3.6.16

Quando la Silicon Valley batteva bandiera sovietica (Gabriele Catania)

Ricercatori del MESM nel 1951
Se le cose fossero andate diversamente, forse oggi il mondo della tecnologia non parlerebbe inglese ma russo. Bill Gates si sarebbe specializzato all’Istituto di Cibernetica di Kiev, e Steve Jobs avrebbe sognato di iscriversi a un campus universitario in Siberia. Alla fine degli anni ’60 la misconosciuta scienza informatica sovietica sembrò sul punto di rivoluzionare non solo l’apparato tecnologico russo, ma persino i meccanismi dell’economia pianificata.
Dopo la Seconda guerra mondiale l’Unione Sovietica aveva conquistato non solo un impero, ma una posizione molto avanzata a livello scientifico e tecnologico.
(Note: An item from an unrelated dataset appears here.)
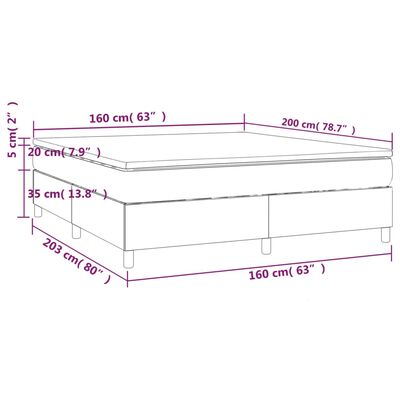 vidaXL Krevet s oprugama i madracem svjetlosivi 160x200 cm baršunasti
Il Paese era da ricostruire, ma nel 1949 esplodeva la bomba atomica sovietica, e l’anno dopo, alla periferia di Kiev, iniziava a funzionare il primo calcolatore elettronico dell’Europa continentale: il Mesm. Come i celebri cervelloni americani, anche il Mesm era un colosso di 6 mila valvole lungo otto-dieci metri e alto due. Responsabile del progetto era Sergei Alekseevich Lebedev, ingegnere visionario convito che i computer sarebbero presto diventati «importanti quanto l’energia nucleare».
Al regime stalinista i calcolatori elettronici non piacevano. La logica era appannaggio dei lavoratori umani, non delle macchine, e non si poteva asservire il proletariato a quella che era, in sintesi, una perversione tecnologica borghese. La morte di Stalin, e l’arrivo al potere del tecno-entusiasta Nikita Chruscev, spalancò la strada allo sviluppo della scienza informatica sovietica. Il Mesm divenne presto una star: risolveva problemi sulla progettazione della bomba all’idrogeno, il lancio di missili e le orbite dei satelliti.
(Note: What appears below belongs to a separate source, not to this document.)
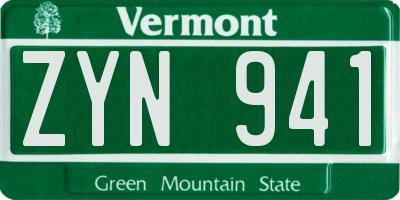 VT license plate ZYN941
Dopo il Mesm Lebedev si trasferì a Mosca, dedicandosi ai Besm, computer mainframe che negli anni seguenti avrebbero contribuito in maniera decisiva alla conquista dello spazio (nel 1975, in occasione del progetto di cooperazione americano-sovietica Apollo-Soyuz, il Besm 6 batté in velocità i computer statunitensi). Furono anni di grande eccitazione per gli informatici sovietici. Gli americani rimasero stupefatti dai progressi russi, e al presidente John F. Kennedy arrivarono preoccupatissimi memorandum sull’«assoluto impegno sovietico nella scienza cibernetica».
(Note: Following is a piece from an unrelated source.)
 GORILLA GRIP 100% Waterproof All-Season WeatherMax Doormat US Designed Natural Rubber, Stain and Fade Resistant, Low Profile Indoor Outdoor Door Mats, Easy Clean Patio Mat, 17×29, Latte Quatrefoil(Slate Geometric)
Fu in quegli anni, come racconta magnificamente Francis Spufford nel suo saggio-romanzo L’ultima favola russa (484 pagine, Bollati Boringhieri), che si valutò sul serio l’ipotesi di migliorare con i computer il sistema dei prezzi dell’economia centralizzata sovietica. In fondo era stato Chruscev in persona a invocare un maggior ruolo della cibernetica nella produzione industriale, nella gestione dell’economia e nell’amministrazione dello Stato.
Alcuni scienziati della gloriosa Armata Rossa arrivarono persino a proporre la creazione di una rete cibernetica per lo scambio di informazioni. Un network accessibile non solo ai militari, ma anche ai civili.
Uno dei paladini delle riforme cibernetiche era il pioniere Victor Glushkov. Grazie a lui e ai suoi allievi, nella seconda metà degli anni Sessanta fecero la loro apparizione i Mir. Si trattava dei primi personal computer sovietici, così avanzati da far dire al grande informatico Andrey Petrovych Ershov che se Glushkov avesse continuato a progettarli, l’Urss si sarebbe ritrovata con i migliori pc al mondo.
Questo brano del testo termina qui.